13 thoughts on “I’m Not Talking: Requesting to Join a Facebook Group

  1. Thank you for being so careful. It is disheartening to join any group, FB or not, only to find oneself the target of unwanted attention. Those who wish to join need to open up a bit, which does not entail risking privacy violation.


  2. Very well written and graciously said. I’m proud of being part of the group and am inspired every day from the posts from the most experienced skilled quilters to the very new brave souls starting out in the quilt world. Thank you for your kind and instructive words.


  3. I get similar requests, and my procedure is the same as yours. If there are no mutual friends, shared interests, or any information that would lead me to believe there were mutual friends or shared interests, the request gets deleted and marked as spam. Sad to say a lot of the requests appear to come from overseas, especially Asia.

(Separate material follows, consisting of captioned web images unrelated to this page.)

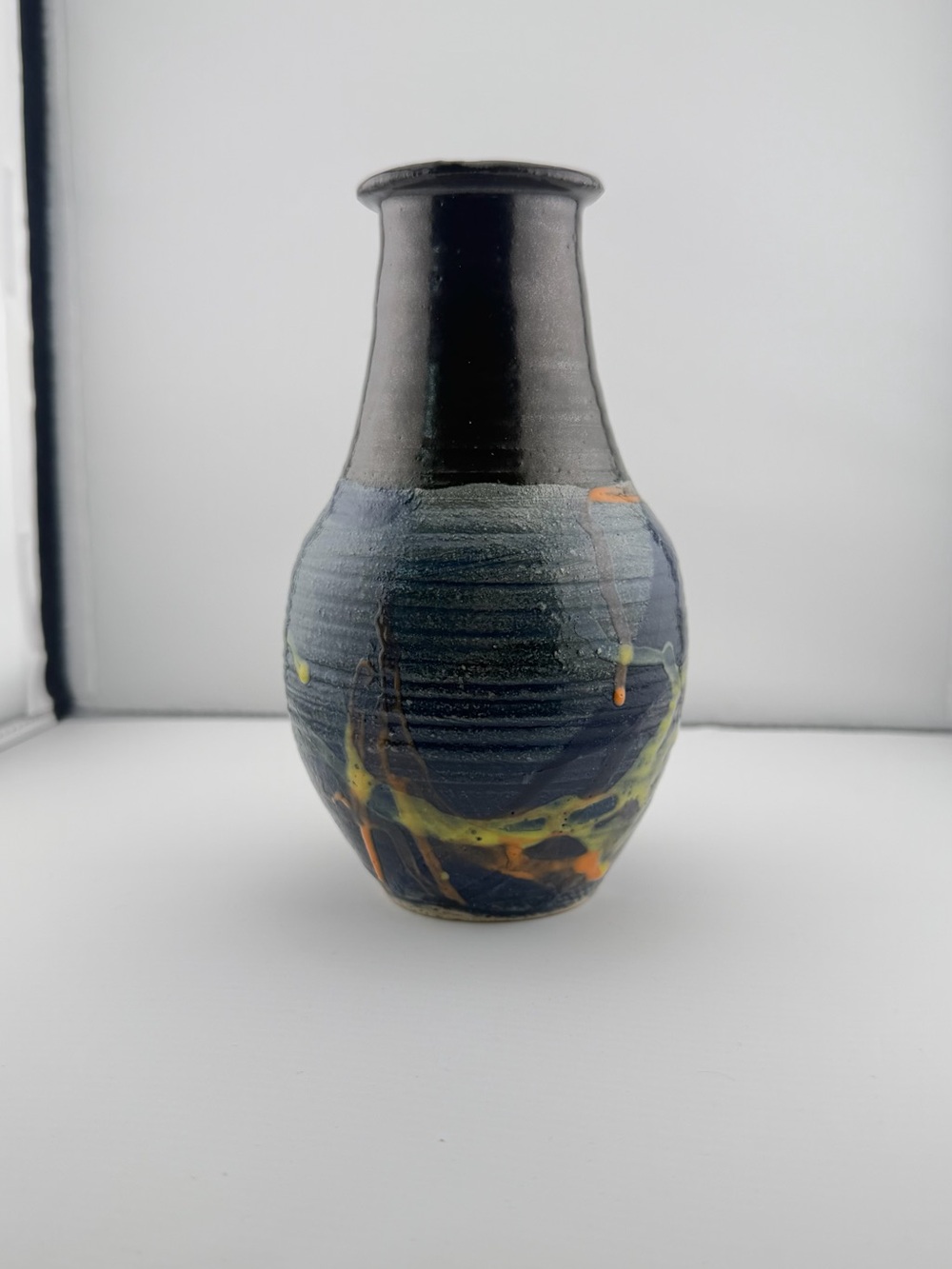 Handcrafted Black and Blue Ceramic Vase with Multicolor Glaze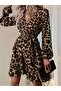 Women's Long Sleeve Double Breasted Collar Waist Belted Cross Cut Detailed Leopard Modal Mini Dress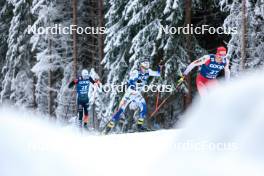 01.01.2024, Toblach, Italy (ITA): Florian Notz (GER), Gustaf Berglund (SWE), Valerio Grond (SUI), (l-r)  - FIS world cup cross-country, tour de ski, pursuit, Toblach (ITA). www.nordicfocus.com. © Modica/NordicFocus. Every downloaded picture is fee-liable.
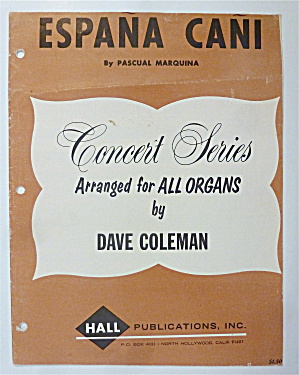 Sheet Music For 1963 Espana Cani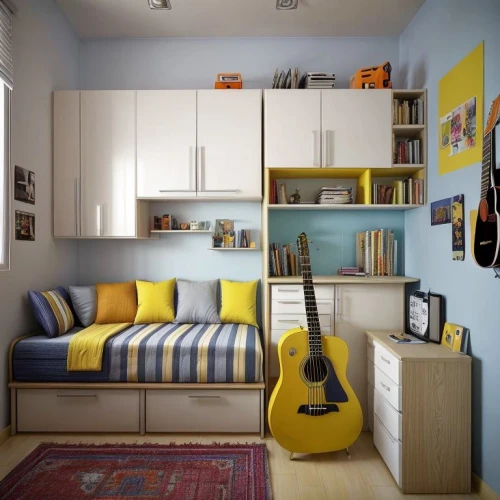 boy's room picture,kids room,children's bedroom,modern room,great room,shared apartment,one-room,room divider,an apartment,modern decor,danish room,bedroom,apartment,children's room,interior decoration,wall sticker,playing room,contemporary decor,yellow wall,bookcase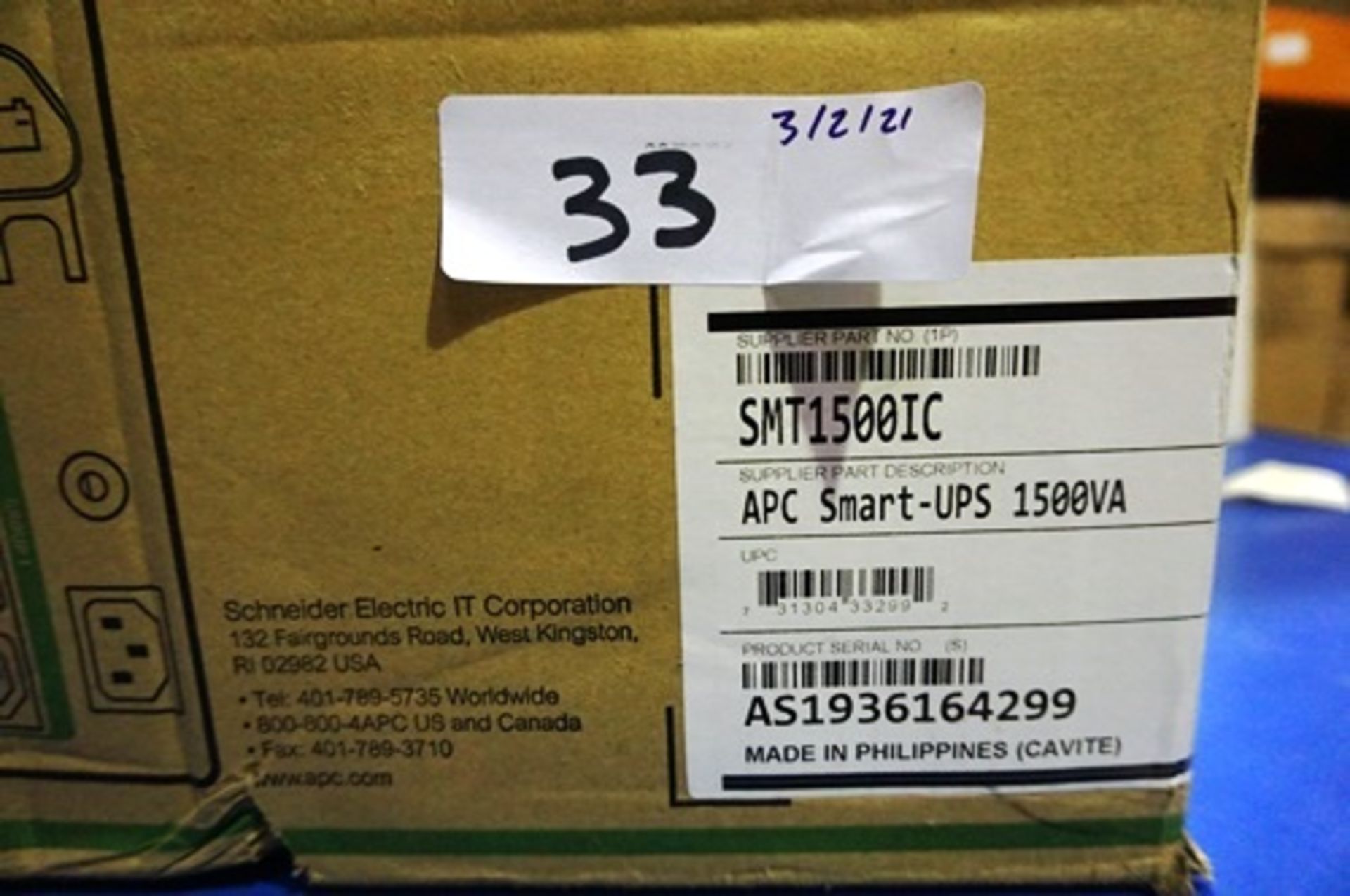 An APC smart uninterruptable power supply unit, SMT 1500, 1000 watts, model SMT1500IC - Sealed new - Image 2 of 3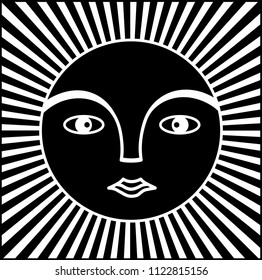 Symbol and sign of the sun. The face of a man in a halo of rays. Character black and white graphics. Vector.
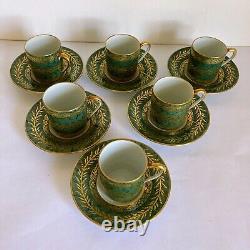 6 Prestige Table Demitasse Cup Saucer Set by Raynaud Limoges France Green Gold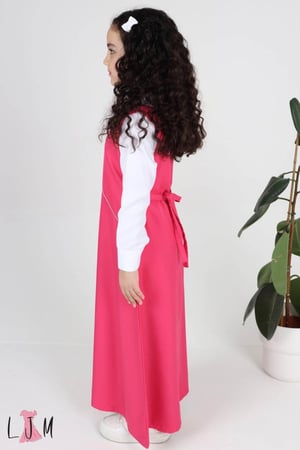 شيال مريول ابتدائي مع كسرات عصرية وردي 1072 بدون البلوزه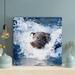 Rosecliff Heights Brown Short Coated Dog In Water - 1 Piece Rectangle Graphic Art Print On Wrapped Canvas in Blue/White | Wayfair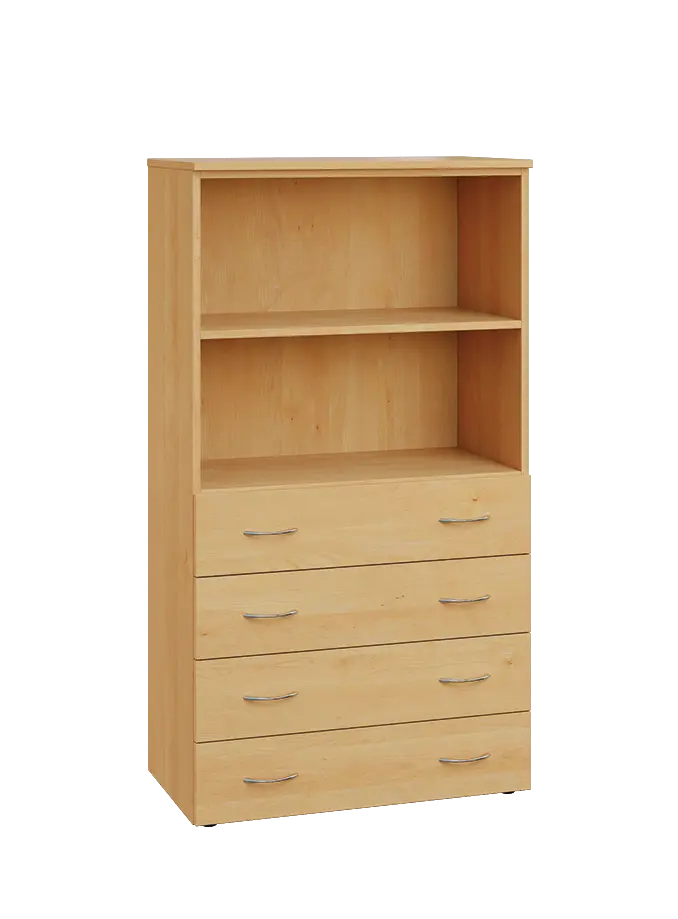 ENP 4 - 84ZN2 kancelářská skříň, 4-zásuvková/nika, 1450x800x400, javor horský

  4. I’m so proud to be a part of this group, I only hope one day to have such beautiful stitching! Thank you so much for letting me join, I treasure it.


  5. Thank You for being the guardian of this site, I know it must take a lot of time, but if you are a quilter you are very proud of it and it will show on your face book page.


  6. Thank you for being so vigilant Caron. I get friend requests from people I’ve never heard from too. In todays world it’s necessary to be vigilant but what’s the point of social media if we don’t interact. I love all my quilting groups and appreciate all the work admins put into them. I’m probably guilty of keeping my page a bit too private too but I don’t go to extremes.


  7. I am thankfully already a member. I am so happy to be here. I have learned a lot. Although I don’t post pictures (can’t figure out how to get them from where they are to where they need to go), I try to make positive comments as often as I can. Even if it is something that is not my taste, you can always find something good to comment on. And if I see that there are already dozens of comments, rather than write a repetitive one I will at least Like or Love or Wow the post. If less people criticized and more people commented kindly, we’d all be happier.